Firstly I think no matter who you fly with its important to take command and act as a Captain. It is easy to fly with someone you consider to be better or more experienced and to wait for them to make decisions.
They make mistakes too. I remember doing a jet recurrent with an examiner who had 30000 hrs on every Boeing made. Apart from being the old type and bombastic he asked me to do a clean landing. Acting as my co-pilot he bugged my VREF at full flap speed. And then shouted because I was 30 kts high on his bugged VREF passing through 200 feet.
I smiled sweetly and commended him on trying to catch me out on VREF with the aircraft clean.

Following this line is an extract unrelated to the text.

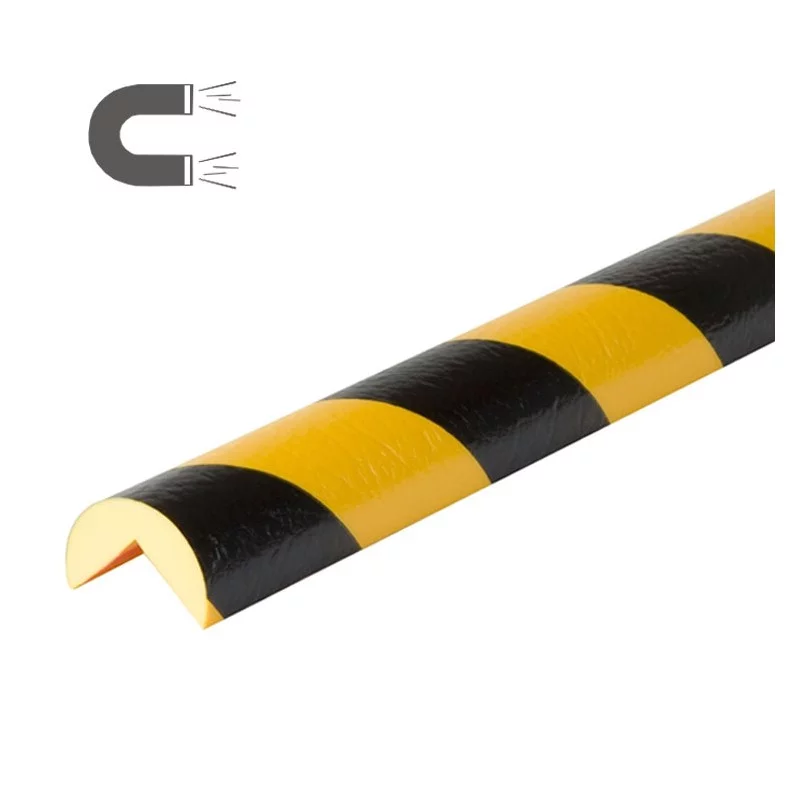 Černo-žlutá pěnová magnetická ochrana rohů zdí, stěn "typ A" - 4 x 100 cm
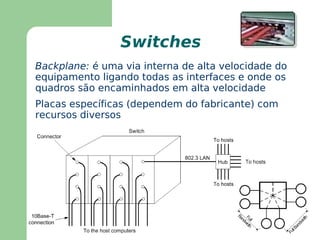 Muitas organizações já possuem suas próprias LAN´s com divisões naturais da rede (andares, departamentos, etc...)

he almost choked on himself when he realised his mistake but I let him off the hook with a way out and earned myself no end of Brownie points
Shared flight in a single pilot aircraft is more a case of knowing who is doing what not who is captain and it is important to clear up with a pre flight briefing on what each pilots duties are. Ie " you operate the radios, select and confirm radio and nav frequencies with me. I will operate all the controls. I will operate the throttles, I will select flap, I will select gear etc. As Captain you must state every function you carry out to me and I will confirm.
On a multi crew aircraft so many functions including throttle, flaps and gear are carried out by the co-pilot, throttles are fine tuned on the takeoff roll etc. so much so that a strict format is used defining those duties.
In the relaxed atmosphere of a light aircraft with two pilot friends extra caution has to be taken regarding who is doing what as that is a recipe for something being missed.